Segundo o especialista, a ausência de uma resposta estruturada permitiu “a abertura de um mercado a prescrições anómalas e a falta de acompanhamento destas pessoas”, e a única forma de ultrapassar esta situação é criar mecanismos eficazes para acompanhar as pessoas com obesidade, reconhecida em Portugal como doença desde 2004.
Sociedade Portuguesa do AVC contesta decisão
Entretanto a Sociedade Portuguesa do Acidente Vascular Cerebral (SPAVC) manifestou-se contra a decisão de restringir a prescrição de injetáveis e sensores para diabetes a quatro especialidades médicas, apelando à revisão urgente da medida.
Num comunicado, citado pela agência Lusa,, a direção da SPAVC “apela à revisão urgente desta decisão, alargando a possibilidade de prescrição a todas as especialidades diretamente envolvidas no tratamento do AVC e no controlo dos fatores de risco vasculares, de modo a garantir cuidados mais completos e centrados no doente”.
A SPAVC argumenta ainda que o AVC é a principal causa de morte em Portugal e que “a diabetes é um dos seus mais relevantes fatores de risco modificáveis”, pelo que “limitar a prescrição de terapêuticas e tecnologias eficazes a apenas algumas especialidades compromete a necessária abordagem multidisciplinar e integrada”.

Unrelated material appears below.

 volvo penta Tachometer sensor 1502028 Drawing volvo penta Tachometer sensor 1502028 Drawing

“Ademais, os análogos do GLP-1 ajudam, também, no controlo da dislipidemia e da hipertensão arterial e demonstrou-se o seu efeito na redução do risco de AVC e sua recorrência, um efeito verificado nos primeiros três meses após evento. O caminho não deverá passar por restringir a prescrição a quem pode beneficiar, mas sim promover orientações informadas para uma correta e atempada prescrição”, reforça a associação.

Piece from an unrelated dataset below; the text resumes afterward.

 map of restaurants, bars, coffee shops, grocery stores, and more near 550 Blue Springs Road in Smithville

A SPAVC considera positivo que os médicos de Medicina Interna, Medicina Geral e Familiar e Endocrinologia continuem a poder prescrever estes fármacos e dispositivos, mas diz ser “inaceitável a exclusão de especialidades que desempenham um papel fundamental na prevenção e tratamento do acidente vascular cerebral e no controlo dos seus fatores de risco”.

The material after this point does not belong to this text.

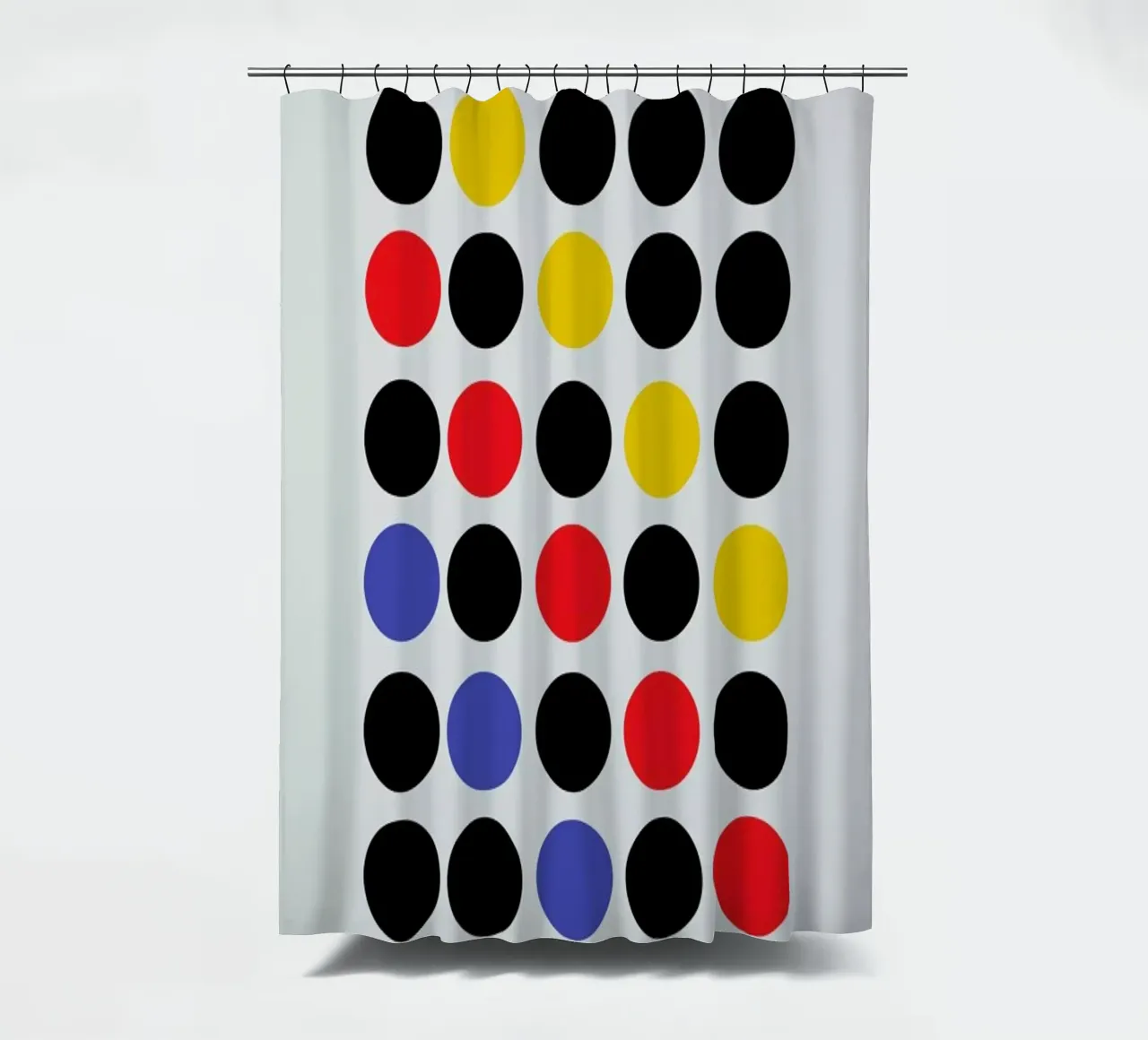Primary Pattern cortina de baño de Studio One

“Mais ainda especialidades como, por exemplo, a Neurologia e Cardiologia que contribuíram de modo muito ativo em Portugal para a implementação, desenvolvimento e validação desses fármacos em ensaios clínicos”, acrescenta.
A Sociedade Portuguesa do Acidente Vascular Cerebral refere também o papel essencial da Nefrologia e da Cirurgia Vascular “no controlo dos fatores de risco vasculares”, vincando que deveriam estar incluídas, “dado o impacto da diabetes na doença aterosclerótica e no risco de eventos cerebrovasculares”.
No dia em que a medida entrou em vigor, também a Sociedade Portuguesa de Cardiologia (SPC) alertou que a exclusão da especialidade na nova portaria compromete a prevenção de eventos cardiovasculares.